Re: plan shape work

From: Richard Guo <guofenglinux(at)gmail(dot)com>
To: Tom Lane <tgl(at)sss(dot)pgh(dot)pa(dot)us>
Cc: Robert Haas <robertmhaas(at)gmail(dot)com>, Alexandra Wang <alexandra(dot)wang(dot)oss(at)gmail(dot)com>, PostgreSQL Hackers <pgsql-hackers(at)lists(dot)postgresql(dot)org>, "bruce(at)momjian(dot)us" <bruce(at)momjian(dot)us>, lepihov(at)gmail(dot)com
Subject: Re: plan shape work
Date: 2025-09-29 01:47:50
Message-ID: CAMbWs4-Q8nt7-UdKLVW-YP9O1_iqa0Q8fQtGsZvd1eF1hd8Pow@mail.gmail.com
Views: Whole Thread | Raw Message | Download mbox | Resend email
Thread:
Lists: pgsql-hackers

On Fri, Sep 26, 2025 at 11:23 PM Tom Lane <tgl(at)sss(dot)pgh(dot)pa(dot)us> wrote:
> Richard Guo <guofenglinux(at)gmail(dot)com> writes:
> > Looking at choose_plan_name(), IIUC, the nested loop is used to find
> > the next unused suffix number for a given name.

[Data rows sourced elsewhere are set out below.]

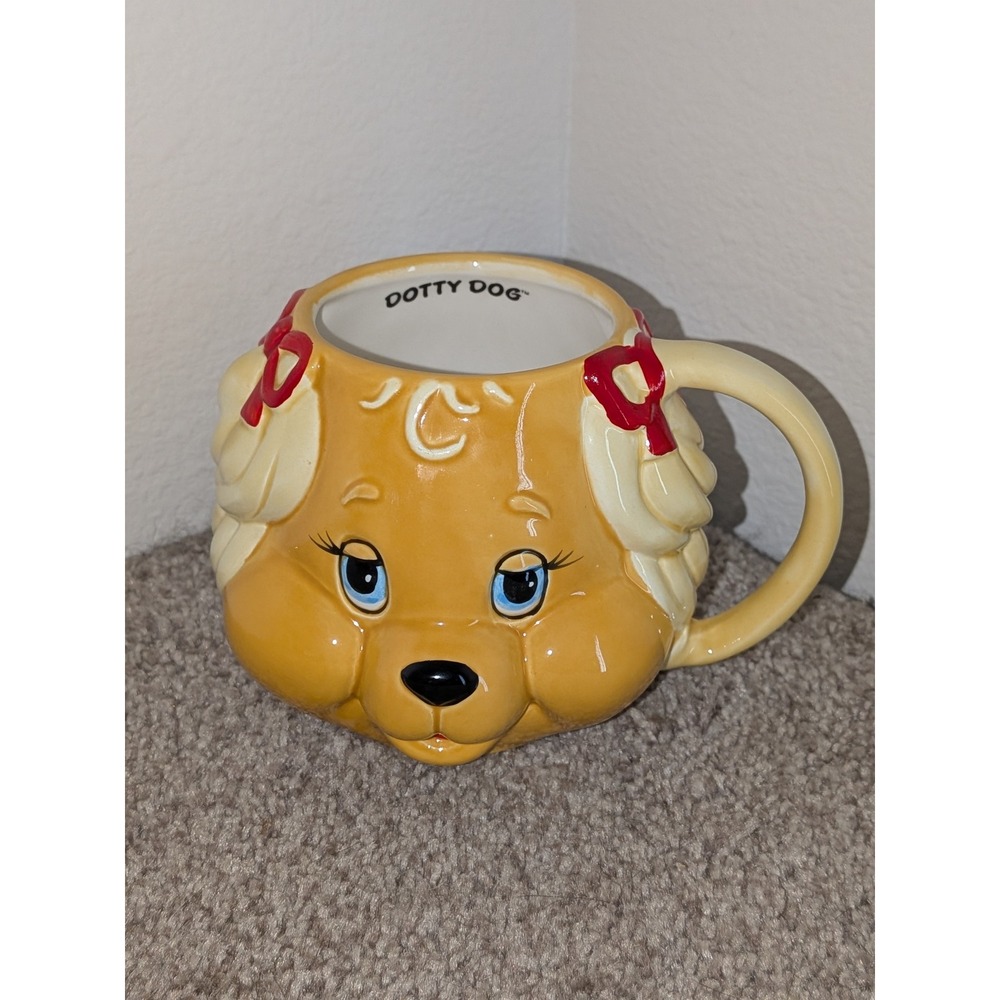 Get Along Gang Dotty Dog Mug 3D Novelty Coffee Cup Cute‎ Puppy Collectible 80's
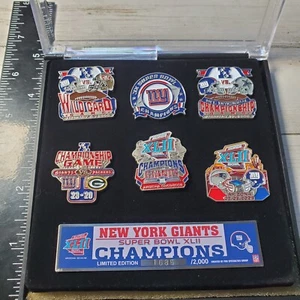 SEASON NEW YORK GIANTS SUPER SCHÜSSEL XLII CHAMPIONS LIMITIERTE EDITION 6 PIN B5 - Bild 1 von 2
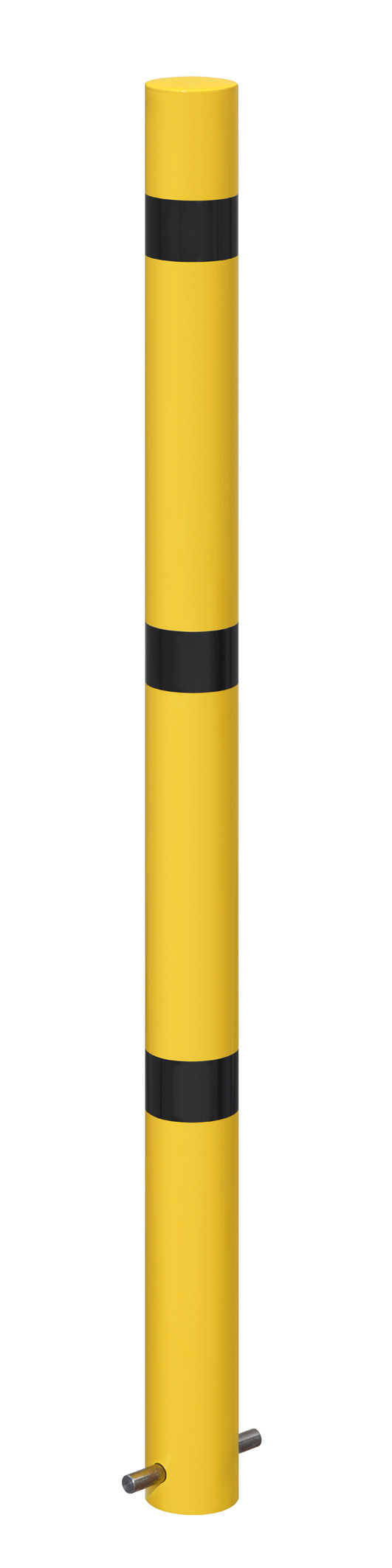 Absperrpfosten ¢ 61 mm aus Stahl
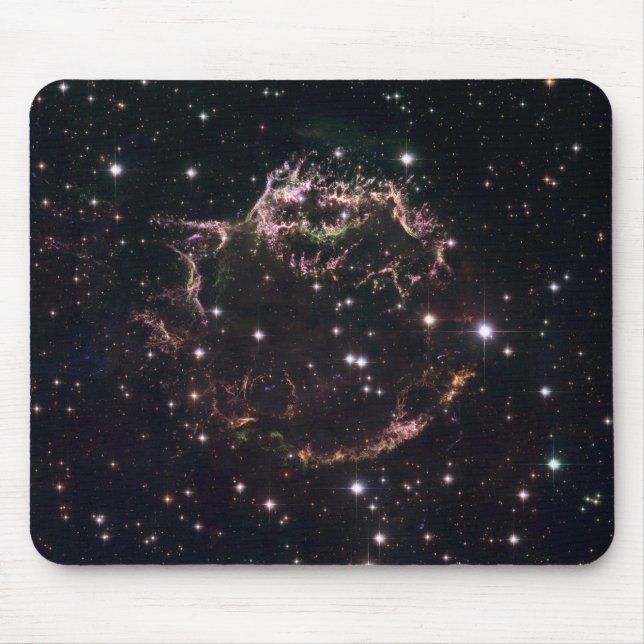 A detailed view at the tattered remains mouse mat (Front)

I'm wondering why not
> > simply iterate through glob->subplanNames once, check the suffix
> > number for each name matching the given base name, determine the
> > current maximum suffix, and then use "max_suffix + 1" as the next
> > unused suffix. This approach requires only a single pass through the
> > list, and if there's a bug, the worst-case scenario would be a
> > duplicate name rather than an infinite loop. It seems to me that this
> > approach is both more efficient and less risky.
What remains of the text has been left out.